_Dataset content_

──────────

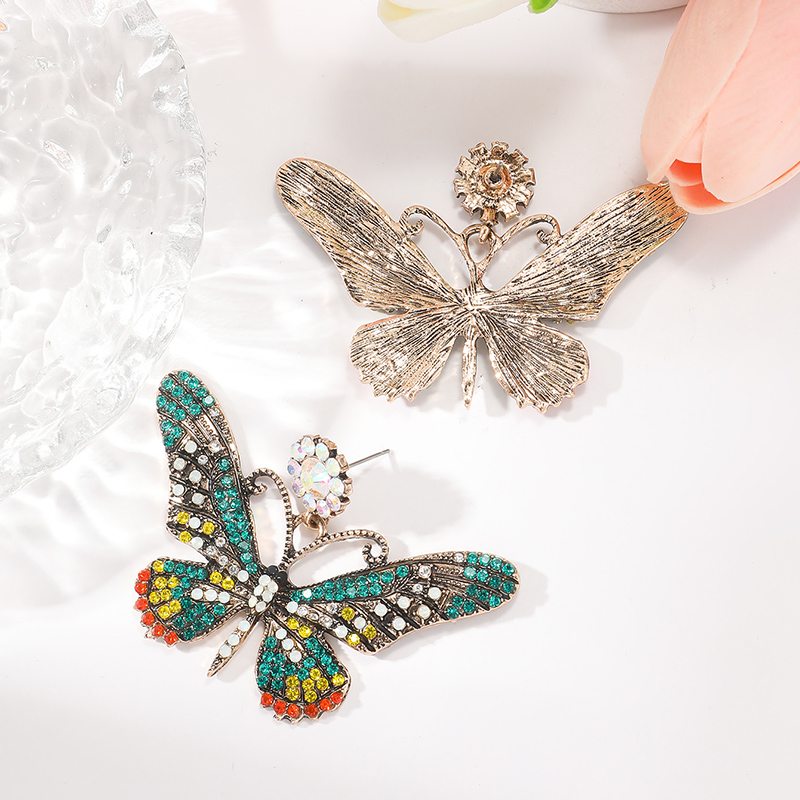 1 Pair Simple Style Classic Style Butterfly Plating Inlay Alloy Rhinestones Gold Plated Drop Earrings display picture 7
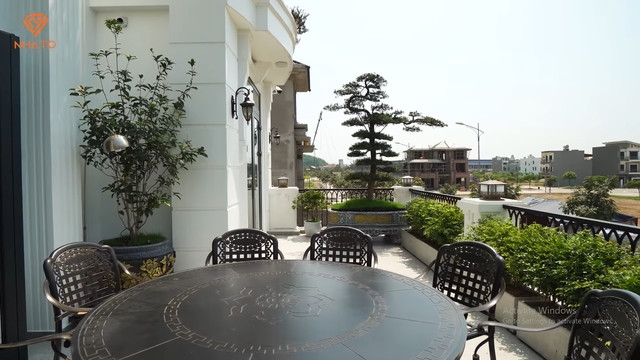 Ban công rộng 40m2 là không gian ngoài trời tụ tập ăn uống, họp mặt bạn bè.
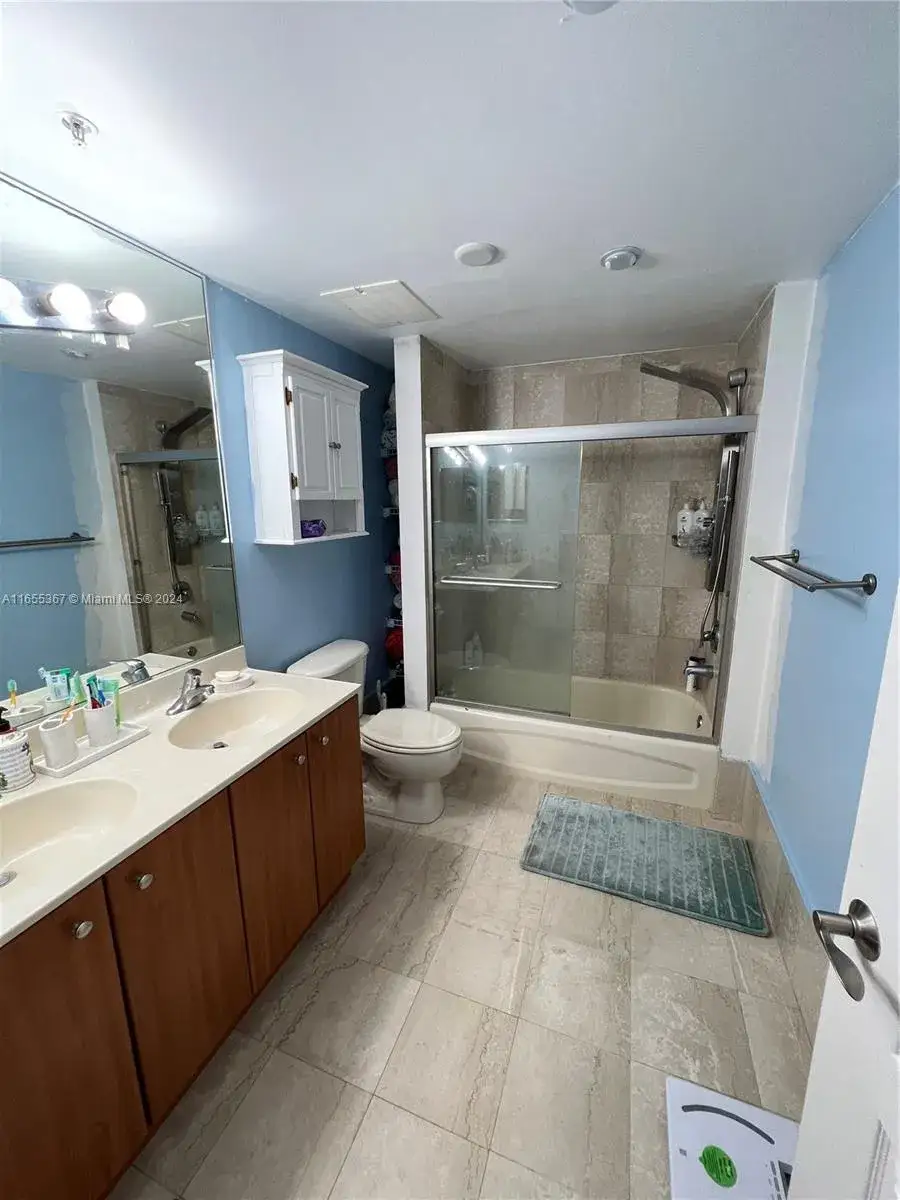 2 bedroom 2 bath Residential for sale at 2550 SW 27th Ave # 703, Miami FL 33133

──────────

_Required work_
Please set down the whole listing exactly, apart from the pictures.

_Exercise solution_
 1 Pair Simple Style Classic Style Butterfly Plating Inlay Alloy Rhinestones Gold Plated Drop Earrings display picture 7
 Ban công rộng 40m2 là không gian ngoài trời tụ tập ăn uống, họp mặt bạn bè.
 2 bedroom 2 bath Residential for sale at 2550 SW 27th Ave # 703, Miami FL 33133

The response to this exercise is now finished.